'''
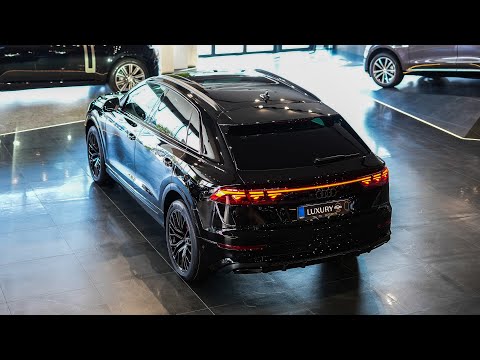 All-New 2024 Audi Q8 50 TDI S line Facelift Interior Exterior Details
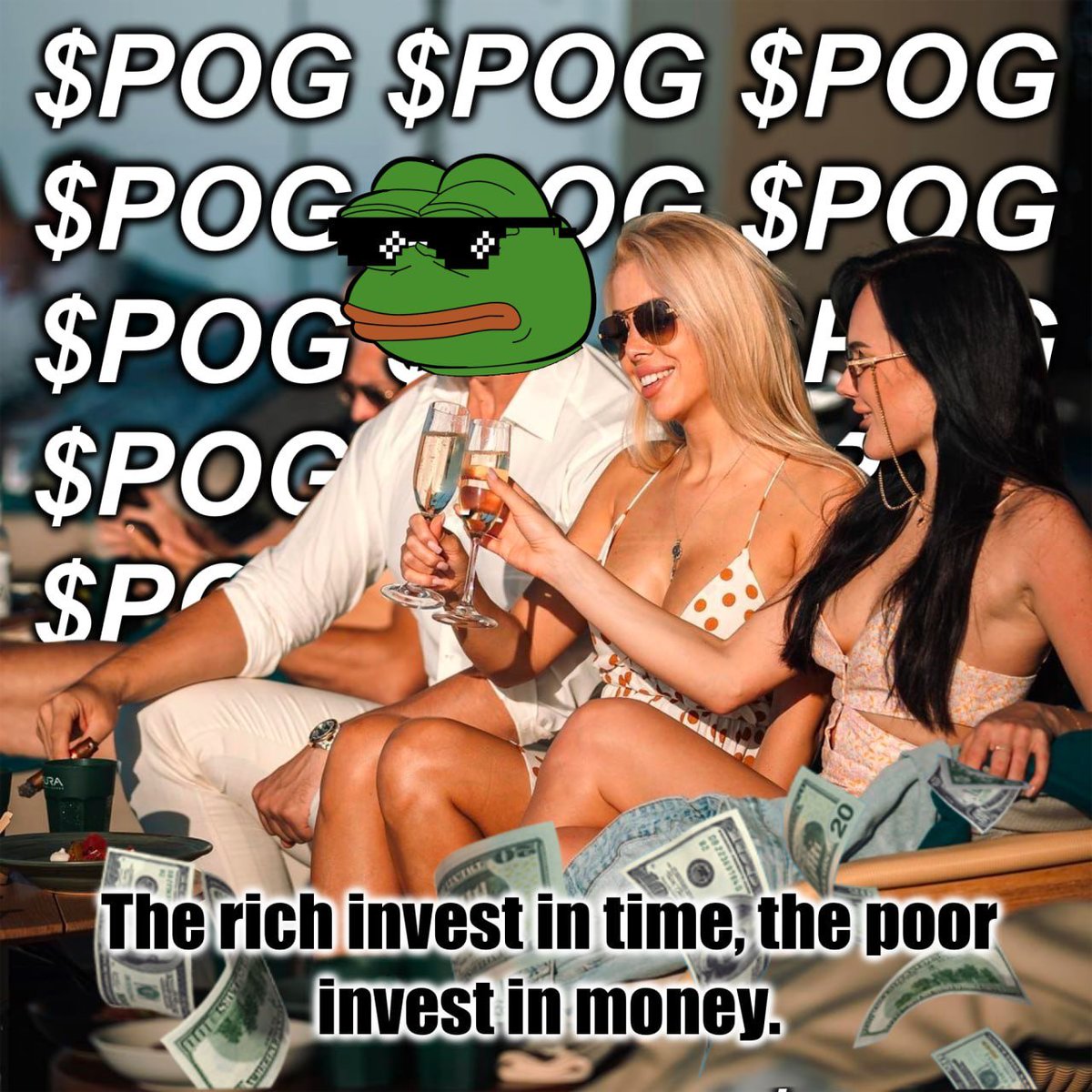 Crypto_Alch's tweet image. $POG could be your next 10x and you too will be able to fool around with these foxy ladies.   

ATH is $3.4M, currently trading at $500K. With the website updates, it appears to be an ideal playground for OG enthusiasts.  

Team @PogCoinERC is cooking something, will be announced…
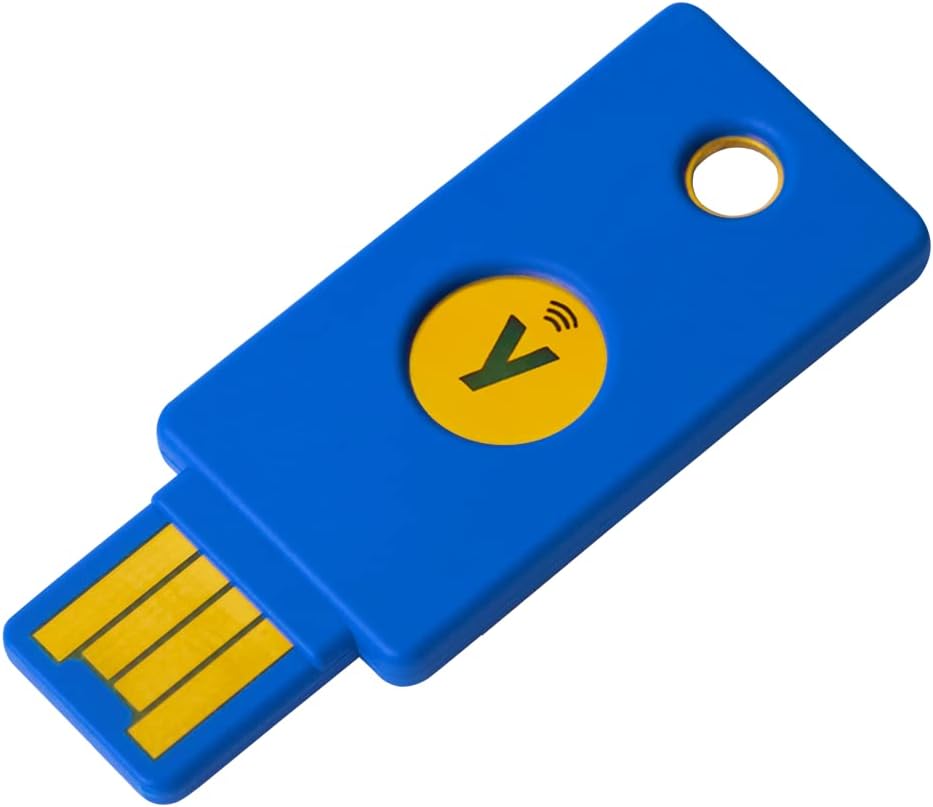 YubiKey Security Key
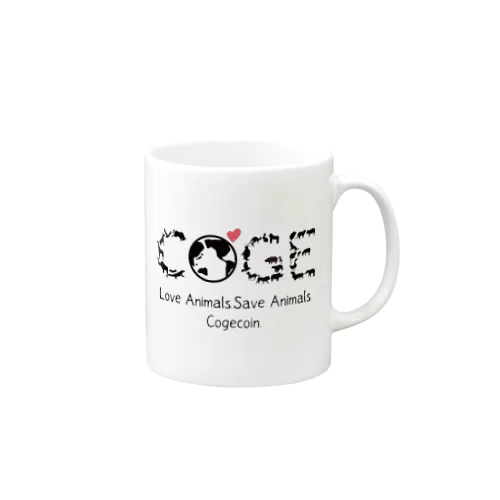 COGE（AORA代理販売） Mug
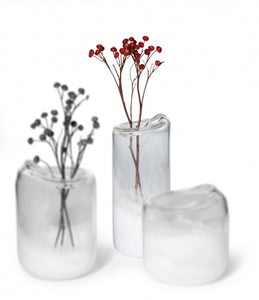Vase / SNOW / M / 24 cm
'''
» WHAT TO PRODUCE:
Images must not appear in the copy; reproduce everything else in the records verbatim.

» ANSWER TO THE EXERCISE:
 All-New 2024 Audi Q8 50 TDI S line Facelift Interior Exterior Details
 Crypto_Alch's tweet image. $POG could be your next 10x and you too will be able to fool around with these foxy ladies.   

ATH is $3.4M, currently trading at $500K. With the website updates, it appears to be an ideal playground for OG enthusiasts.  

Team @PogCoinERC is cooking something, will be announced…
 YubiKey Security Key
 COGE（AORA代理販売） Mug
Vase / SNOW / M / 24 cm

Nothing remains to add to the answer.